Task directions: Starting at the line that contains "I haven't set", copy every line to the end of the material below exactly, and omit the pictures.

Entries provided:
=== Section Start ===
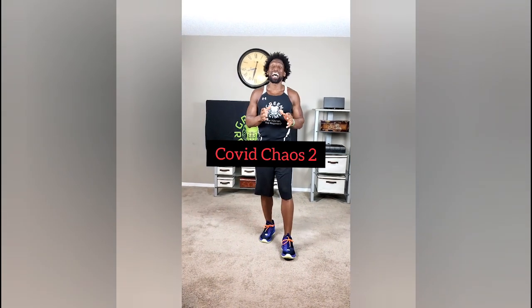Today's workout is called COVID Chaos Part 2. If you've been down with us from the beginning, you know how it goes. These workouts are intense, but they're effective.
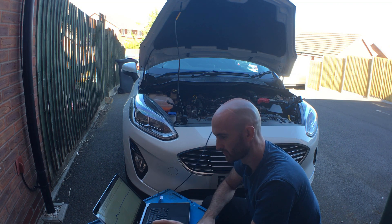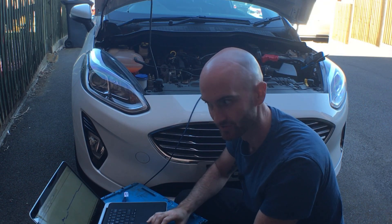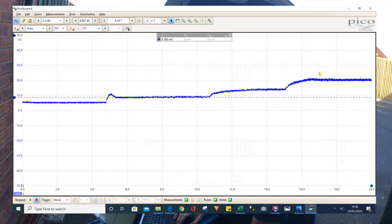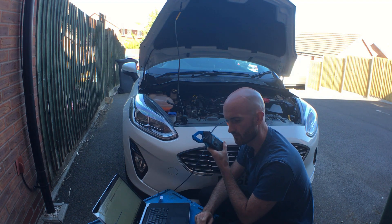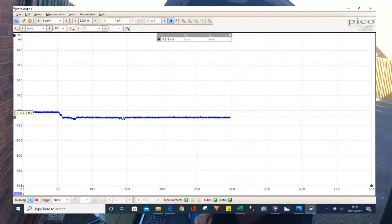I haven't set it up as a probe so you'll have to convert manually — one millivolt equals one amp, quite a simple conversion. Using the cursor, we can see six millivolts here then it dropped down to three millivolts, or three amps, and then came back up again. We can see when we turn things on we had an increase in current. On this setting though it's definitely not suitable for measuring battery current drain.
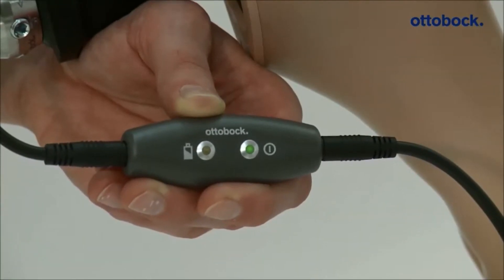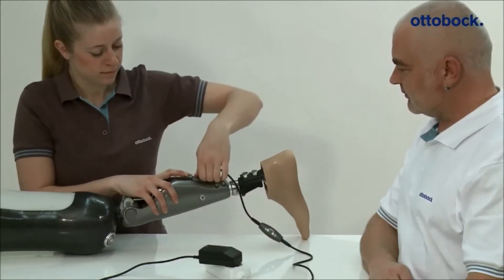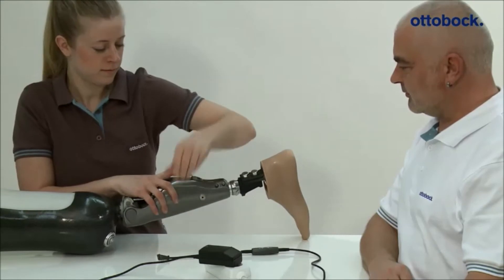After charging the knee joint, the charger has to be unplugged. The joint performs a self-test. The prosthesis is ready for use when you can hear one beep and one vibration signal.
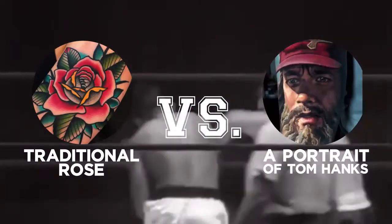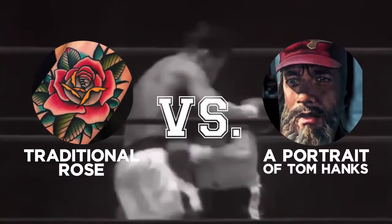Traditional rose covered with a portrait of Tom. You need to get that thing pretty much removed because traditional is super saturated — it's dense ink in there. It probably has some color in there as well. And then you want a color portrait? That makes it a little bit easier. So now we just need to lighten it so that you can do that. Seven.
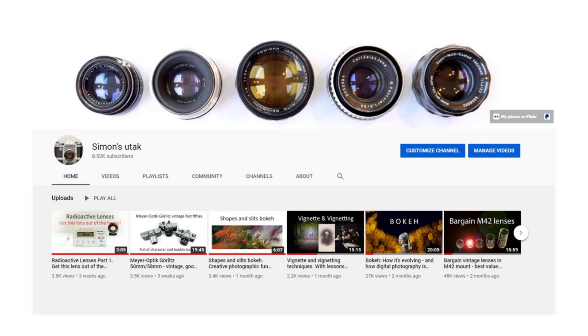If you haven't already subscribed, please do. If you'd like to support my channel, there's a link to donations in the description below. I'll be returning soon to post some more lens reviews, including some reviews of radioactive lenses.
=== Section End ===
Solution to the problem:
I haven't set it up as a probe so you'll have to convert manually — one millivolt equals one amp, quite a simple conversion. Using the cursor, we can see six millivolts here then it dropped down to three millivolts, or three amps, and then came back up again. We can see when we turn things on we had an increase in current. On this setting though it's definitely not suitable for measuring battery current drain.
After charging the knee joint, the charger has to be unplugged. The joint performs a self-test. The prosthesis is ready for use when you can hear one beep and one vibration signal.
Traditional rose covered with a portrait of Tom. You need to get that thing pretty much removed because traditional is super saturated — it's dense ink in there. It probably has some color in there as well. And then you want a color portrait? That makes it a little bit easier. So now we just need to lighten it so that you can do that. Seven.
If you haven't already subscribed, please do. If you'd like to support my channel, there's a link to donations in the description below. I'll be returning soon to post some more lens reviews, including some reviews of radioactive lenses.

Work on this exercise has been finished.